[Short descriptive text snippets]
▽

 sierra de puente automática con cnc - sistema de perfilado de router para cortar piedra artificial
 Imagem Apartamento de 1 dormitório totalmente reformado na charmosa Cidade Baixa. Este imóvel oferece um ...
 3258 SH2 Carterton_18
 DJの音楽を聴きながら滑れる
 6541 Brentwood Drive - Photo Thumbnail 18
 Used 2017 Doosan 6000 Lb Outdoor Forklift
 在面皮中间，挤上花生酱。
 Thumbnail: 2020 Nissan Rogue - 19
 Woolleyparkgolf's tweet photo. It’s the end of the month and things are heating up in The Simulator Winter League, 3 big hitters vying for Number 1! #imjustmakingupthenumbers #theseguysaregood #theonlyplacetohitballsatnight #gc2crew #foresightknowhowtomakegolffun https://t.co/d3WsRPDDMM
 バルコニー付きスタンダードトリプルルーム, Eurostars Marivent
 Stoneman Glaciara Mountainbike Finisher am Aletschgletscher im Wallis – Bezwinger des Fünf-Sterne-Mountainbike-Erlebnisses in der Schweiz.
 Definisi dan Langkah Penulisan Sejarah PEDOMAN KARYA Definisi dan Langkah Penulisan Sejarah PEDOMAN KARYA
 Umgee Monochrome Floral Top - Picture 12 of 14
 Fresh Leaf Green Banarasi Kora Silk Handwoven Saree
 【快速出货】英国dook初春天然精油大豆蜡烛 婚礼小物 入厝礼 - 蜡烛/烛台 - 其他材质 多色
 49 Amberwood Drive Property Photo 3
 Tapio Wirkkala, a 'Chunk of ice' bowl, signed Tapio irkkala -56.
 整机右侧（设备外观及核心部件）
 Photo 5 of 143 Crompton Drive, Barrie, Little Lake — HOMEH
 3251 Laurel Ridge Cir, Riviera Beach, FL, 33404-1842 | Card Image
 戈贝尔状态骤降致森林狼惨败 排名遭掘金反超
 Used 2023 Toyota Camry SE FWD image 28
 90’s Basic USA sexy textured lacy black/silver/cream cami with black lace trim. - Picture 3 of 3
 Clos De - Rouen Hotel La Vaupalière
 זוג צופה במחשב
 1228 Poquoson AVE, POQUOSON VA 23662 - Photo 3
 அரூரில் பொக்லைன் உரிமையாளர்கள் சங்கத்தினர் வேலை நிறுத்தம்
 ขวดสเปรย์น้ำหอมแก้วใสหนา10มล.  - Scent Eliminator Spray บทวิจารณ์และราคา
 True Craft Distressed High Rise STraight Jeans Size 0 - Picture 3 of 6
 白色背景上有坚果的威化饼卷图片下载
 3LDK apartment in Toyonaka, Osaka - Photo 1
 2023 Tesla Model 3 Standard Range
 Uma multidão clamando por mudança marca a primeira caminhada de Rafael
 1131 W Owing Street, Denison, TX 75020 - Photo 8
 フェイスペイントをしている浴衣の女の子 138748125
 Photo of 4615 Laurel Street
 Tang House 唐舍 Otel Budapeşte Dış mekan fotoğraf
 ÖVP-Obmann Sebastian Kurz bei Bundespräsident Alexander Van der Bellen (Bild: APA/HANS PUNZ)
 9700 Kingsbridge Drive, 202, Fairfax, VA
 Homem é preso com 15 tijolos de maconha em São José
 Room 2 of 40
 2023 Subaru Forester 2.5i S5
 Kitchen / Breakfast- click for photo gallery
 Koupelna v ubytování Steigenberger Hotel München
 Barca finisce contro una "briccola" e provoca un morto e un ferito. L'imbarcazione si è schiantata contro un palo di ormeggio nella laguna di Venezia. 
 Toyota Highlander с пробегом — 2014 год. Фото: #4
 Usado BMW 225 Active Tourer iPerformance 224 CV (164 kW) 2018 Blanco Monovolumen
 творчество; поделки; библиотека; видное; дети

△

Requirement = Copy every line in the records above that contains the word "Picture".

Result of this task =
 Umgee Monochrome Floral Top - Picture 12 of 14
 90’s Basic USA sexy textured lacy black/silver/cream cami with black lace trim. - Picture 3 of 3
 True Craft Distressed High Rise STraight Jeans Size 0 - Picture 3 of 6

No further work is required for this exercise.